How Digital twin technology can be leveraged in insurance industry
Digital Twin technology has been around for decades. The concept is believed to have its origin at NASA when simulations were carried out to bring back the Apollo 13 astronauts. Gartner defines digital twin as a digital representation of a real-world entity
or system. Simulations of what-if scenarios can be performed on this digital/virtual copy of the asset in deriving at the next-best action. Machine Learning models can perform predictive and prescriptive analytics on this digital copy which can then be applied
back to the actual asset. Manufacturing industry has been harnessing the benefits of Digital Twin for decades. Insurance sector can also benefit enormously by leveraging Digital Twin Technology. Recent catastrophic losses in US had an overall negative impact
on P&C insurance. Combined Ratio has not been good for P&C insurers in 2022. The impact is due to the increased repair cost and the supply chain disruptions created during the pandemic. When most of us stopped commuting to work, beginning of the pandemic insurers
had also refunded to its policy holders.
Insurance industry has always been a data rich sector, enormous amount of data is collected during the rating, underwriting and claim process at different stages of policy’s life cycle. With the Digital Twin technology, insurers can apply artificial intelligence
and machine learning to simulate “what-if” scenarios on data in insurers landscape. This aids in making data driven decisions. The favorable next best action can then be applied on the actual process for providing recommendations or improvements.
Here are some ways how P&C insurers can address current challenges and benefit from Digital Twin Technology-
Fraud detection: Fraud detection helps in reducing insurers loss ratio. Fraud occurs in about 10% of property-casualty insurance losses in US (
1 source: insurancefraud.org). Using the Machine Learning algorithms on historic data, insurers can check the inflated claim amount by policyholders. For example, when there is a claim for replacement of
an automobile part, ML model can let us know if the part can be repaired versus replaced. The images of prior similar losses can be accessed by the Machine learning model to derive at this conclusion. In the event of recent catastrophic claims, AI/ML models
can also flag the fraudulent claims filed by a policy holder who is not in the disaster zone.
Claims: Digital Twin can aid in reducing the overall claims settlement cycle time. ML models can identify the delay in the process and simulations can help in fixing the inefficiencies. Effective utilization of the claims data available within the
insurers data ecosystem can also help to process the low impact and high frequency claims quicker. It can also speed up claims processing through simulation of accident scenario, assessing impact to the property which reduces the time to investigate. All these
can aid in improving the overall operational efficiency of the insurer.
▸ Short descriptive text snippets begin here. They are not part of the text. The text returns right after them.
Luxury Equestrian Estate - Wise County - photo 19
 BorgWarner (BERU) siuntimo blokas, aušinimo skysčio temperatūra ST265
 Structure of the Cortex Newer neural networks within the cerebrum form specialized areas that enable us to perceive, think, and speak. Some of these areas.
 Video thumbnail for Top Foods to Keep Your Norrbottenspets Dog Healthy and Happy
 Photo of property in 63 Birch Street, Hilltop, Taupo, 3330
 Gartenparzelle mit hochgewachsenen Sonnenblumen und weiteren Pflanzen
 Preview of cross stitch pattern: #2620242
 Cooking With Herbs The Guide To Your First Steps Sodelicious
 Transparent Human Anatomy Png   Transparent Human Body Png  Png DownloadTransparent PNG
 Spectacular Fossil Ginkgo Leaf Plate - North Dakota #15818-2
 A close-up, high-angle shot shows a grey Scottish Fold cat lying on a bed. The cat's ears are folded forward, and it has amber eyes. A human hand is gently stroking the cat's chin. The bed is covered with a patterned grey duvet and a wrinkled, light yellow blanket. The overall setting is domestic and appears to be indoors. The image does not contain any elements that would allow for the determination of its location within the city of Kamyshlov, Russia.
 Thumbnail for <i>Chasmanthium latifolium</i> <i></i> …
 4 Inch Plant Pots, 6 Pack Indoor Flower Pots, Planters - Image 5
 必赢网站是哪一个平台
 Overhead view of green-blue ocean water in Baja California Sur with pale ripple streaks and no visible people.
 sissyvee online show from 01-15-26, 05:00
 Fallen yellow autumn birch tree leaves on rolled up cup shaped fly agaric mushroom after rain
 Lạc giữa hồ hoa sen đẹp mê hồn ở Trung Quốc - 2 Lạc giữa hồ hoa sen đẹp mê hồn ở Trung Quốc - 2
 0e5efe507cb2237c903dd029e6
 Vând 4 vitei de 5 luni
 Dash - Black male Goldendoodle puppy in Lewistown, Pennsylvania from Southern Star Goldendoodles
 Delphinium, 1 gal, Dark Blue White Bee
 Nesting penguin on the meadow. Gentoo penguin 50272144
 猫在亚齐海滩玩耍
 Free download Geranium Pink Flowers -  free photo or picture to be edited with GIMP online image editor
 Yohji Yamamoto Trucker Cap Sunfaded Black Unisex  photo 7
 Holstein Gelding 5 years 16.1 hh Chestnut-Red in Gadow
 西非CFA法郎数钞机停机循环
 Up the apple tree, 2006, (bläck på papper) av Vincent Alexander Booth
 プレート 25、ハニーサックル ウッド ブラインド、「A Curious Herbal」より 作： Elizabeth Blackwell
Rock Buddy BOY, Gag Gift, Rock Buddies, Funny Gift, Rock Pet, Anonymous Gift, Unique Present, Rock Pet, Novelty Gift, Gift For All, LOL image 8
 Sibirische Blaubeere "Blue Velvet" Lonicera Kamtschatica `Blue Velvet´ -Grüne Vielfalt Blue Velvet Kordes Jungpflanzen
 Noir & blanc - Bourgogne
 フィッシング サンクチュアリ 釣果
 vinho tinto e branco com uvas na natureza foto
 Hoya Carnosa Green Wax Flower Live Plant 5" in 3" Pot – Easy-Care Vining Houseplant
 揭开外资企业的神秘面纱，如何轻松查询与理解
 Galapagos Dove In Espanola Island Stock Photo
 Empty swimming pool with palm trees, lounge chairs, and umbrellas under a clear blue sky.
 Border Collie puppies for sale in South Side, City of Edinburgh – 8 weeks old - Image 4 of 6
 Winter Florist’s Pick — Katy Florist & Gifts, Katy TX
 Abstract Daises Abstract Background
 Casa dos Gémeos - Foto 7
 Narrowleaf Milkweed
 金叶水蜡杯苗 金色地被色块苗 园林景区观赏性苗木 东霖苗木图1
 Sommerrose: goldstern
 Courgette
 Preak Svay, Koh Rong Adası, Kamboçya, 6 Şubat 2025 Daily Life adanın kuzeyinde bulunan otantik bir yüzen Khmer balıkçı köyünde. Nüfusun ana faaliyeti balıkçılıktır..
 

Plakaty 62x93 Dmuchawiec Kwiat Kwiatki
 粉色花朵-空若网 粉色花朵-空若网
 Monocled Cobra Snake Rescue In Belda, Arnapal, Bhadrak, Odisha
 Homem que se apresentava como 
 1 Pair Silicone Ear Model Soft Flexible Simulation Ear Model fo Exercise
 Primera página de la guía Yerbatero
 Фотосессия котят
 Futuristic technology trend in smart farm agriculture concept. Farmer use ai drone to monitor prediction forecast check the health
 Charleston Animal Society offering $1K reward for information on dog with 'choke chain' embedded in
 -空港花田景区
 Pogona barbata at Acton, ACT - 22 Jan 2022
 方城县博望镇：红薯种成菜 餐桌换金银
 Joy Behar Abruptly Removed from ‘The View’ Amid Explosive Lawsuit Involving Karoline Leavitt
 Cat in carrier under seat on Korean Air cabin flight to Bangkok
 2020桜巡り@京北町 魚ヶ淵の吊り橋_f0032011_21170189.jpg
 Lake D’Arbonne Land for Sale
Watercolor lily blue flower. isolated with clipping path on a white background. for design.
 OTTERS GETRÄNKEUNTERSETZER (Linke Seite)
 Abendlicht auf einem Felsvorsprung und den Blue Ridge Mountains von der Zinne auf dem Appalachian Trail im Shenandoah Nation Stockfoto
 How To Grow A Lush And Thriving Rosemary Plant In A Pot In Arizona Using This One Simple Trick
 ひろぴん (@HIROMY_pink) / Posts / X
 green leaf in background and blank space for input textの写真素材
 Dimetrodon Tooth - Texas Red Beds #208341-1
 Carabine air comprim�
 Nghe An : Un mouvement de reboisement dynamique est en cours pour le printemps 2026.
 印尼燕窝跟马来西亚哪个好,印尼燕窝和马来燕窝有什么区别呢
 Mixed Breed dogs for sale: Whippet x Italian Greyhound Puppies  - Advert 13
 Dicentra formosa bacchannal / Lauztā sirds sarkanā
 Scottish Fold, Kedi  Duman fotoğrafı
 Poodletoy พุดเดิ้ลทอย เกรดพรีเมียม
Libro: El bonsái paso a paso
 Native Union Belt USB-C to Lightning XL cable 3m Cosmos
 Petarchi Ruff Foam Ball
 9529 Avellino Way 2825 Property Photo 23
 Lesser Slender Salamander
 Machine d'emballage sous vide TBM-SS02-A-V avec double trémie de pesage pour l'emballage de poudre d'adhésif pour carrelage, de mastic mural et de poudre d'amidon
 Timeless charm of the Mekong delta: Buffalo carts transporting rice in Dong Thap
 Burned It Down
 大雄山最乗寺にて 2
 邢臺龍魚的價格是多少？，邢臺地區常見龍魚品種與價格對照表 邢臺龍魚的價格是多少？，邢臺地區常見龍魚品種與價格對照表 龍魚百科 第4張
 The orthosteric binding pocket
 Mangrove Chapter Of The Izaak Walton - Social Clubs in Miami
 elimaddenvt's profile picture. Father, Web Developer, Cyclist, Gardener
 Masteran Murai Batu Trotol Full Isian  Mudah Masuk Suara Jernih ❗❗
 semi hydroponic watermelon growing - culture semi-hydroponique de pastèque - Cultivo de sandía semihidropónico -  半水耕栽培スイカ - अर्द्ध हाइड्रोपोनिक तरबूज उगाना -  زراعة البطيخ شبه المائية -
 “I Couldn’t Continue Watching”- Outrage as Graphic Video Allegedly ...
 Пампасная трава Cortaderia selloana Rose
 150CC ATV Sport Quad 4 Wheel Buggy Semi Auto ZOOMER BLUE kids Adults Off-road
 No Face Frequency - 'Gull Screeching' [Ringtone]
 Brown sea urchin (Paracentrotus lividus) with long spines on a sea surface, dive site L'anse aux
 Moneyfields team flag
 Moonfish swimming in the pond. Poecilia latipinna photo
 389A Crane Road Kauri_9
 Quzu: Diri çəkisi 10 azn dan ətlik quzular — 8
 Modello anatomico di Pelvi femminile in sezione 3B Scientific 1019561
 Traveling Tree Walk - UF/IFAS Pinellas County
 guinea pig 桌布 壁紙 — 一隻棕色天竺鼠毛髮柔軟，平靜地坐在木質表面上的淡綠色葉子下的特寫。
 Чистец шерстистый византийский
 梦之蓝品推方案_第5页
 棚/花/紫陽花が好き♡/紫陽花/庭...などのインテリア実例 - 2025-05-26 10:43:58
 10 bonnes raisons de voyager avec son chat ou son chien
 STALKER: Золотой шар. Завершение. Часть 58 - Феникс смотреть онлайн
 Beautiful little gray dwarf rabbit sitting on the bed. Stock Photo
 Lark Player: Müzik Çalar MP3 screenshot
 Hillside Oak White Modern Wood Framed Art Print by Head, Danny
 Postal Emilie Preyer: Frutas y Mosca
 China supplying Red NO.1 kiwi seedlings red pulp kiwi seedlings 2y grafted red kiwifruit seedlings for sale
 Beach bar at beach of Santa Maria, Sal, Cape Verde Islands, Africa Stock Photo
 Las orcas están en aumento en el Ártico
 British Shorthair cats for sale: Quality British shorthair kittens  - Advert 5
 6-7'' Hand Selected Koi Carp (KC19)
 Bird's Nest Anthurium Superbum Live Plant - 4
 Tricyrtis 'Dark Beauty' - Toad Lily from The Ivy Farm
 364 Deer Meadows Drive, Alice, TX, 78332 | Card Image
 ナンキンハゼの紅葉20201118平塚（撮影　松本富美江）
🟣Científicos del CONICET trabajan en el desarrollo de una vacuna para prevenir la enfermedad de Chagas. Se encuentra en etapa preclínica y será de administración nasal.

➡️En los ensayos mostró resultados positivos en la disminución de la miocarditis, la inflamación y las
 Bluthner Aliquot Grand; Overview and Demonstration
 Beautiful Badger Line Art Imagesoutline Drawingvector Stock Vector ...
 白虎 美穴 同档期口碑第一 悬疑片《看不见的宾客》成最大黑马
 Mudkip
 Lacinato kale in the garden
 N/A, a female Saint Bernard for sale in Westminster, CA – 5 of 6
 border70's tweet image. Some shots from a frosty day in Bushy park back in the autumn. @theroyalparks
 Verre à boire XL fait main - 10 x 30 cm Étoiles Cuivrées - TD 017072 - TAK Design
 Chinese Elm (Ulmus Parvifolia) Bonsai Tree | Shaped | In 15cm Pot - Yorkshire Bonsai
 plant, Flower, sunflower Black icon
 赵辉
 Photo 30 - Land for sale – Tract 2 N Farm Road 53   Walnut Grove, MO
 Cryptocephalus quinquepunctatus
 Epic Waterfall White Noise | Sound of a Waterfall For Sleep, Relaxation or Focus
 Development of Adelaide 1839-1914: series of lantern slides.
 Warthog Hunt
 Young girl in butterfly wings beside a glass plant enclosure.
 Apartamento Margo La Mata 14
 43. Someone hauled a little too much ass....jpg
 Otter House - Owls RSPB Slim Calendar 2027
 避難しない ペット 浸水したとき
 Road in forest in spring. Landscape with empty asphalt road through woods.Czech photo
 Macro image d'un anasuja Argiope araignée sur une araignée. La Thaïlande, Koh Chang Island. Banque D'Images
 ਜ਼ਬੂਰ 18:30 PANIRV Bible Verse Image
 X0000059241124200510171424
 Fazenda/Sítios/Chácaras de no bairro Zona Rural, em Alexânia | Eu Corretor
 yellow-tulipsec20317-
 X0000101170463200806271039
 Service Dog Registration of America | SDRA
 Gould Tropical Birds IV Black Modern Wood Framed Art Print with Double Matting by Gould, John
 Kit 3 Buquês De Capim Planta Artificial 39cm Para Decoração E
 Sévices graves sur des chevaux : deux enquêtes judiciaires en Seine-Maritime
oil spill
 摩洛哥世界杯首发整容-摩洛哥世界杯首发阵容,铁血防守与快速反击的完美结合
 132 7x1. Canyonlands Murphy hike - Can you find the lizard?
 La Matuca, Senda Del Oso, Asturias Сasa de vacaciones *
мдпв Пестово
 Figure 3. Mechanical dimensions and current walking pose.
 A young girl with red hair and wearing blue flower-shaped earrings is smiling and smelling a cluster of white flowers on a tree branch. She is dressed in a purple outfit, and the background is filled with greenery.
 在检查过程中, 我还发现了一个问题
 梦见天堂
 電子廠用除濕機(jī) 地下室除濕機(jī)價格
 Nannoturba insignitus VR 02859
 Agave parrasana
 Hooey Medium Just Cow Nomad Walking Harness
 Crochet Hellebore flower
Customer retention: Insurance product has become a commodity. Existing policyholders can shop around and switch to competitors in few minutes based on just the pricing. In US, average retention rate in insurance industry is 84%. It costs seven to
nine times more for insurers to attract a new customer than to retain the existing customers. (2 source:
Independent Insurance Agents of Dallas). Historic retention data can help the digital twin to identify customers who are more likely to churn using ML models. A customer who had a pleasant experience during his claims process has more propensity to renew
his policy when compared to a dissatisfied customer. Factors like increase in premium during the policy holder’s tenure, Customer lifetime value can be utilized by the model to predict if the customer will renew their policy. Digital Twin can derive a propensity
score of the existing policyholders and provide recommendations as next best actions for retention. This will increase the overall renewal rate for an insurer.
Customer satisfaction: All roads lead to Rome. Fraud detection, customer retention, improvement in claims processing aims to improve overall customer experience. Digital twin technology will help in predicting customer behavior and enabling high
gain customer interactions. Machine learning algorithm can enable the customer centric product design with the effective usage of historic data. A product can be priced rightly or further analyzed to understand why it did not perform well in the market. This
will enable successful launching of the new product with the insights of the buyer habits and risk profile.
Marketing and Sales: Existing data in the insurer landscape can be leveraged to find the cross-sell upsell opportunity. This will increase revenue for the insurers through cross sell and upsell. ML models can tap into the existing customer datasets,
their buying patterns and other touch points to identify a cross-sell upsell opportunity. Main challenge for an insurer is that majority of the quote does not get converted to a policy. Based on the historic data, twins can identify the gaps and provide insights
to increase the quote to policy conversion ratio.
Today, there are many solutions based on digital twin technology that are readily available in the market which insurers can procure to realize the benefits. Tapping into digital twin technology will provide insurers competitive edge along with improved
KPIs. Digital twin technology can be leveraged for achieving a hyper personalized customer service, simulation of customer personas, profitability and topline growth.